EXTRACTED INFORMATION =>
* * * * *
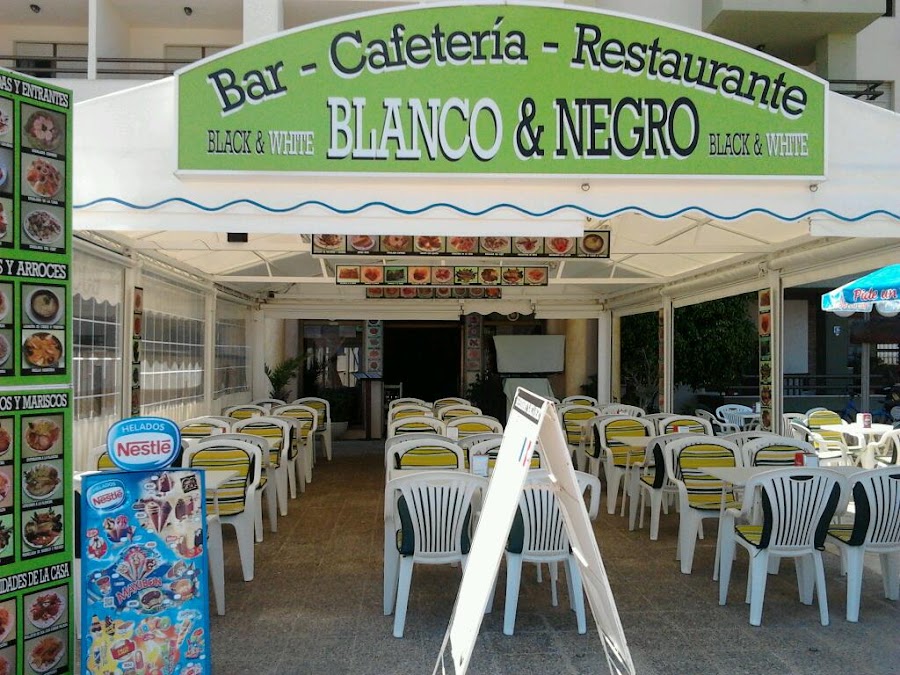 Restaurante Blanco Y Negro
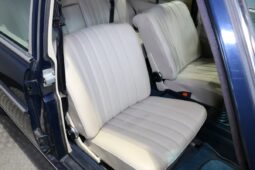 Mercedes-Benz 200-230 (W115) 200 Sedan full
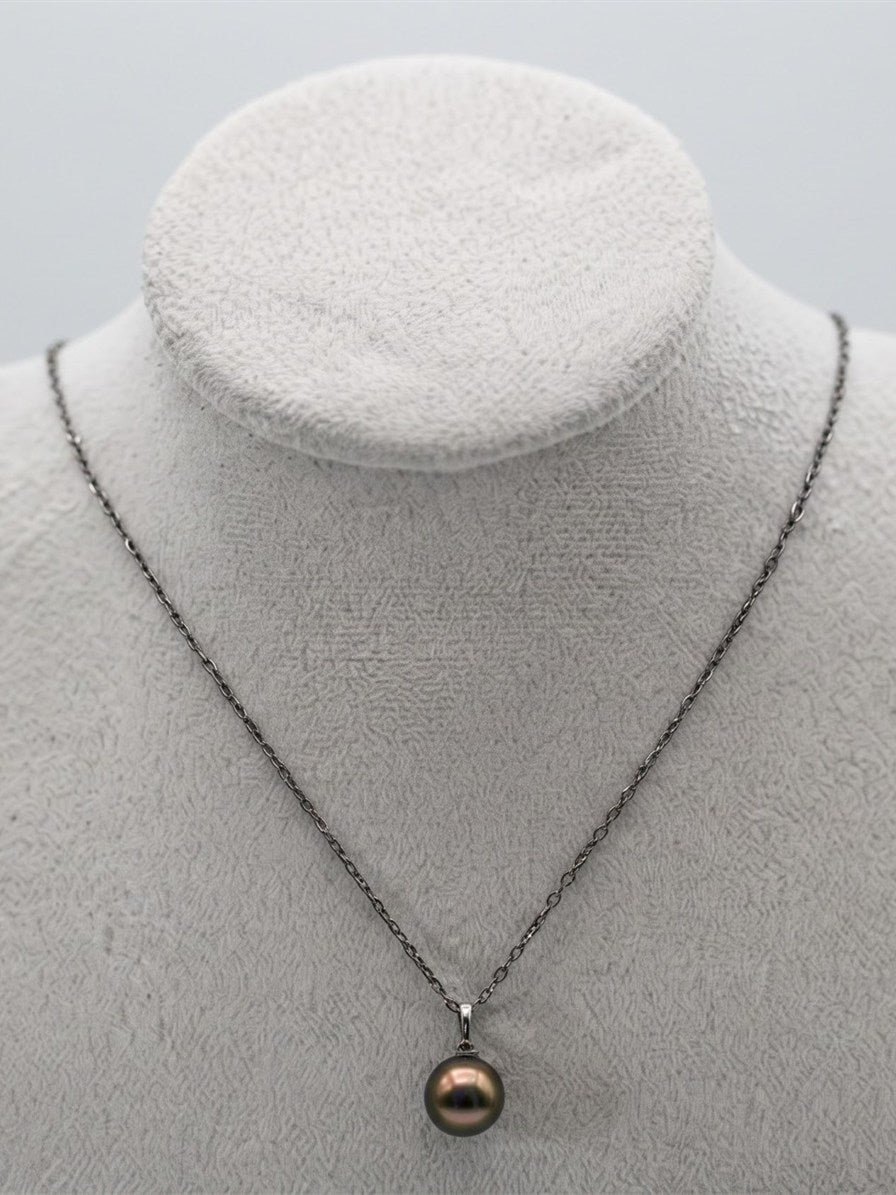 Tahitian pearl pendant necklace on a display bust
* * * * *
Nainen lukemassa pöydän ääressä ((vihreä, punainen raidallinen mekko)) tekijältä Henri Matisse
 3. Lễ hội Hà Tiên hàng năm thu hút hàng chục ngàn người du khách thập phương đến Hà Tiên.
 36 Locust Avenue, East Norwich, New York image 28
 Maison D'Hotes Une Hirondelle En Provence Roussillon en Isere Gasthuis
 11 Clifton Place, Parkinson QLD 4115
* * * * *
EXERCISE => Copy out, word for word, the part of the entries above that begins at the line with "Maison D'Hotes Une" and ends at the line with "11 Clifton Place, Parkinson QLD 4115", including both.

TASK RESULT =>
 Maison D'Hotes Une Hirondelle En Provence Roussillon en Isere Gasthuis
 11 Clifton Place, Parkinson QLD 4115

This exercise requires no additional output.